Chaque poésie est abondamment corrigée, certaines sont reprises sur des feuillets successifs avec de nombreuses autres corrections. Certaines pages donnent les thèmes de certaines pièces, les derniers feuillets offrent des poésies qui ne figurent pas dans le recueil. Le feuillet final contient "Novembre"qui ne figure que dans les oeuvres complètes sous le faux-titre de "Poésies diverses".
reliure signée de m. albinhac. Maroquin violet janséniste, dos lisse, étui.
Dos passé.
Provenance
Literature
Catalogue Note
Ce manuscrit a servi à l'impression de l'édition originale du recueil en 1892. Certaines pièces (I. II. VI. VII. XII. XIV. XV) avaient précédemment paru en revue, et la pièce XVIII dans La Conque du 11 janvier 1892.

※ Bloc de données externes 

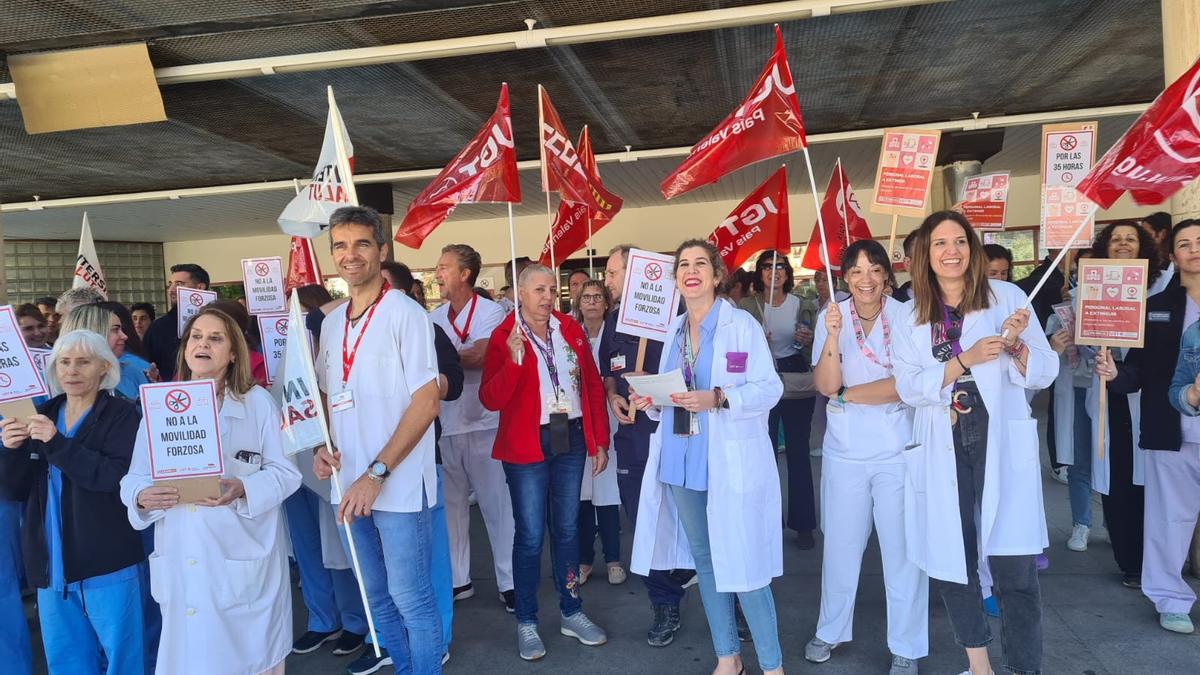 Movilización de trabajadores este martes a las puertas del Hospital de Alicante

En 1930, Gide écrit : "Je relis avec plaisir certaines de ces Poésies [...]. Je les écrivis presque toutes en moins de huit jours, peu de temps après la publication des Cahiers, ce qui explique leur titre, et cette attribution à un André Walter imaginaire, encore que celui-ci fût déjà mort en moi. Même il ne me paraît pas que l'André Walter des Cahiers eût été bien capable de les écrire ; je l'avais déjà dépassé" (Beaumarchais, Couty, Rey).
Abondamment corrigé, il vient à l'encontre de la légende selon laquelle Les Poésies d'André Walter furent écrites en quelques jours avec facilité.
La page de titre du premier jet de ce manuscrit, de la main de Pierre Louÿs, est à rapprocher de la demande faite par Gide à son camarade et ancien condisciple pour les Cahiers : "il avait été convenu que chacun laisserait en blanc une page de son premier livre, page que l'ami remplirait" (Si le grain ne meurt, p. 247).
Claude Martin, dans ses notes et variantes de l'édition Poésie Galimard de 1986, mentionne deux manuscrits de ce texte : l'un ayant appartenu au libraire Giraud-Badin et ayant été intégralement reproduit en fac-similé dans l'édition de 1929 des Poésies, l'autre [celui-ci] ayant appartenu à Georges Blaizot, contenant le premier jet de chaque pièce et une mise au net qui a servi à l'impression de l'édition originale (p. 239 et s.).